My Lords, 0.1% GDP growth is not enough. This Government have made no apology for putting growth as their number one priority. I think all sides of this House agree that driving up growth can only benefit the UK and the people operating within it. We take it incredibly seriously, which is why conversations such as this feel so at odds with trying to create an industry that thrives in and benefits from an open and free trade environment. It is why many of us feel sad as we think about tariffs, or reciprocal tariffs as a headwind to them.
But we can secure an agreement with the US that allows us to navigate through this. There will come a time when we look back on this in the rear-view mirror and we are able to establish and support a lot of those sectors that we rely on to support growth. We will hold dear a lot of the principles that we have already written down and they will steer us through that, whether it is things such as the industrial strategy or going through and identifying those core sectors that the Government will wrap their arms around and support to make sure that our growth numbers are not 0.1% or 0.2% but 1%, 2% and then beyond as we really try to support it.
But I know that it is not a quick fix. I understand that we cannot just go to the growth cupboard in the corner and take growth out of it. A decision to turn to growth does not drive growth—multiple small cumulative decisions help turn the ship towards something that supports businesses and communities to grow. For example, it is about thinking about how in some instances regulation is acting as a headwind against growth and enabling things such as planning to make it easier for businesses to build factories and data centres in their communities to help drive that growth. We are seeing a lot of those initiatives to try to shape and encourage growth. However, I share the sadness that sometimes, it feels as though, when we are in a world talking about tariffs, that works against some of that growth agenda.

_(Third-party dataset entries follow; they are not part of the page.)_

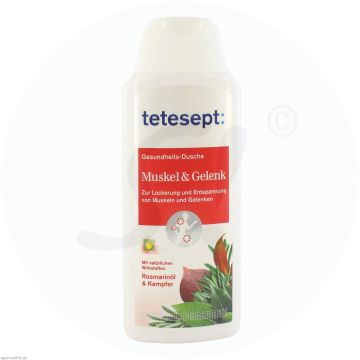 Tetesept Duschbad Muskeln und Gelenke 250 ml 
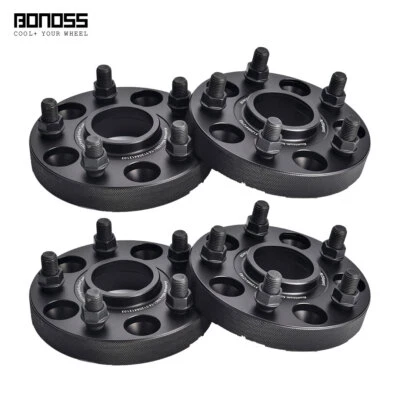 4 Pc 20mm + 25mm Hub Centric Wheel Spacers 5x114.3 for Tesla Model 3 Adaptors - Imagem 1 de 4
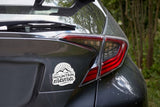 Mountain Mama Car Magnet
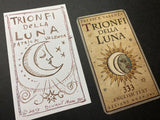 Trionfi Della Luna Cover Card. Original Signed Concept Sketch 2013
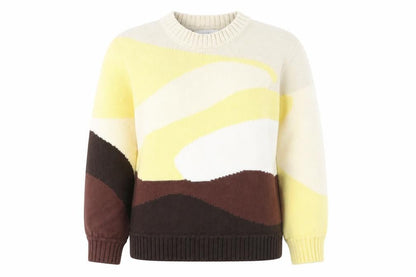 House of Sunny Women's Multicoloured Knit Pullover Jumper Size 8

I congratulate the Minister on her appointment. She brings a great deal of business experience to the House. The UK is still a great place to invest in. We have one of the greatest creative economies in the world; we should be pushing that and making it clear. It is not a case for gloom.
I am shamelessly championing and promoting the UK and all its wonderful benefits wherever I can, and will continue to do so. I am a natural optimist by heart and, even today, I am still incredibly optimistic and excited about the opportunity that the UK presents.